1/1000 is a game about a horrible situation. I have taken the zombies theme as "humanity stopped being that, for the most part" and ran with it to other places. Normal zombies are fine, but the drama in the situation will just probably rehash The Walking Dead so I preferred to find my own spin.

One bright day (wherever the campaign takes place it was a bright day) the Change happened. All at once, all of humankind found itself convulsing on the ground and only 1/1000 of the population remained themselves afterwards. The rest? They turned into something near enough to a zombie - they lost most their intelligence and their bodies and senses became stronger and sharper. The Changed, as they are called, are stronger, quicker and harder to kill than any human ever was. Anything that would instantly kill a person before would do so for them too, but short of that, they just keep going. The Changed are cannibals and predators, eating any meat they can chew through.

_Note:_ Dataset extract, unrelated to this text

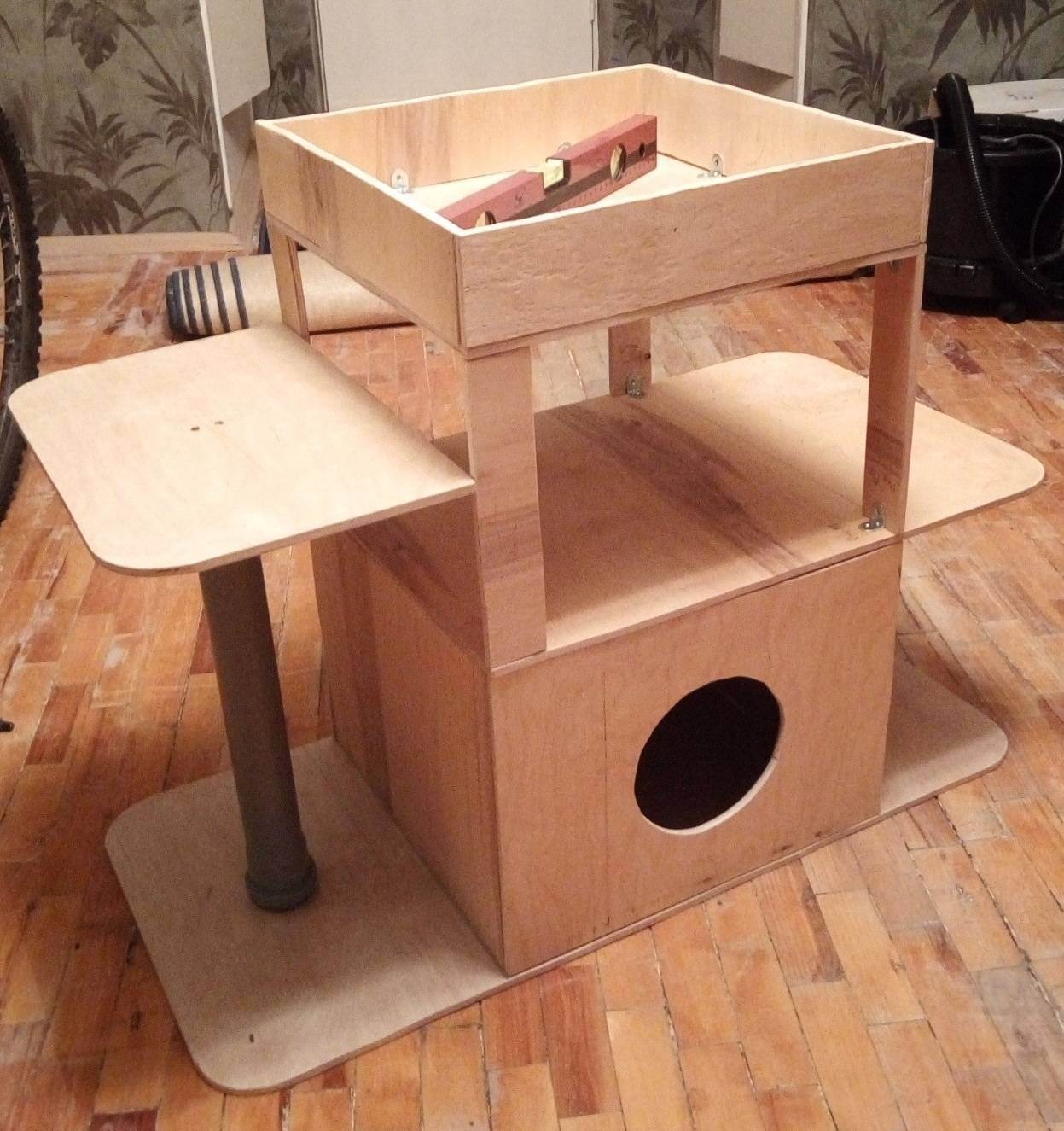 Домик для кошки из картонной коробки своими руками: пошаговая инструкция по изготовлению домика для котов из картона и футболки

The remaining humans are stuck in a really bad place - across the globe, they number around 7 million, including those who had died in the first few weeks after the Change. Actual number of the living? Closer to 4 million. Some of the remaining know this, others do not. To complicate lives further, elevation entails an unlocking of unique qualities and capabilities. In humans, it unlocked functional superpowers. Elemental manifestation, psionic powers and other more and less odd powers slowly started activating across the survivors. Every human that hasn't Changed has become a type of superhero, essentially.

So how did this happen? All an act of good will, or so it was intended. A quality humans could not quantify had reached sufficient levels to get on alien radars. Wanting to elevate a whole race to the galactic arena, one alien species made their way to Earth and dropped a bomb that would elevate those who have a sufficient quality and kill off the rest. Progress comes from hardship. Unsurprisingly, as with all things concerning humans, the entire thing was a bad idea. The bomb wasn't meant for humans and where it killed elsewhere, it merely short-circuited the majority and gave a considerably smaller boost then planned to the remainder. The aliens went from elevating a race to doing damage control.

While the Aliens, now with a capital A to signify them as a faction, started on that, 2 other aliens species arrived on Earth after the news of an odd elevation event spread around. One were the Angels, intent on subjugating, with good conditions, the peculiar human race. The other was the Shadows, a gelatinous, amorphous species of hyper-engineered beings. They see humans as an illness and a danger and are intent on our annihilation. Conflicting with the plans of the Aliens and the Angels, the alien species war it out and only a few of them ever come in contact with humans. When they do, the results are interesting.

The optimal way to play in 1/1000 is around your home, after the Change. You know the layout and the area and anything that could be used to some degree. Ideally, everyone playing will stick to a character that shares a likeness to the player and allow for maximum immersion.

Those are my thoughts and concepts behind this. I'm still hammering out some kinks, as well as optimal times since the event in the setting that play is probably the most interesting.

As usual, accepting comments and critiques.